Fazit: Wenn Moderatoren ihre eigenen Ziele verfolgen – jeder von den vier wollte nämlich „zum Schuss“ kommen und durch einen solchen Triumph die anderen ausstechen – dann muss die Moderation schiefgehen. Moderatoren müssen neutral sein, nur dann können sie Sach- und Prozessebene sauber trennen.

Nun noch einige Gedanken zur Auswirkung des Duells auf das Wahlverhalten. Der erste Gedanke nach diesem Duell war bei den meisten (bei mir auch): Meine Güte, was soll ich denn da wählen? Die sind sich doch beide so etwas von ähnlich. Abweichungen gab und gibt es höchstens in einigen Verfahrensfragen und bei Nebensachen. Das ist eigentlich auch logisch, denn wer regiert, hat in Wirklichkeit nicht so viele Handlungsoptionen, wie die politische Opposition und die Medien uns weismachen wollen.
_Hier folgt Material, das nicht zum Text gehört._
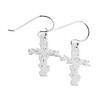Dicksons 35-8382 Tree of Life Cross 1/2 inch Silver Plated Metal Women's Hook Endearrings on Presentation Card - 2 of 2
Außerdem haben Merkel und Steinmeier mit ihren Mannschaften in den letzten Jahren eigentlich einen ganz guten Job gemacht. Natürlich, nicht alles war immer richtig. Aber das ist doch normal. Das Regierungsgeschäft ist hochkomplex, da passieren auch Fehler. Und wenn ich mir jetzt vorstelle, dass der Vorstand eines Unternehmens zufriedenstellend arbeitet, dann wird er doch auch nicht abgelöst. Jeder Eigentümer (Souverän) ist doch froh, wenn die Dinge positiv laufen. Wenn das eine oder andere zu beanstanden ist, kann man sich dazu auseinandersetzen. Das passiert ja auch gegenüber der Regierung, parlamentarisch und in der Öffentlichkeit.

Warum also müssen wir eigentlich eine andere Regierung wählen? Sie wird ja vermutlich tatsächlich anders, denn die Große Koalition steht nicht als Option auf dem Wahlzettel. Es wäre schon ein ziemlicher Zufall, wenn das Wahlergebnis wieder zur Großen Koalition führen würde. Und auch dann hätten wir es vermutlich mit einer anderen Mannschaft zu tun. Aber regiert wird von Personen, und die kann man nach unserem Wahlsystem nicht wählen. In Unternehmen wird die Führungsverantwortung konkreten Personen anvertraut, und das ist ein erfolgreiches Modell. Bei der Führung des Staates kommen Parteien ans Ruder und der Wähler muss es ihnen überlassen, wer dann konkret regiert.

Ich würde am liebsten mein Kreuz in ein Kästchen setzen, an dem steht: Die alte Regierung soll weitermachen. Ein solches Kästchen gibt es aber nicht. Wo also mache ich nun mein Kreuz?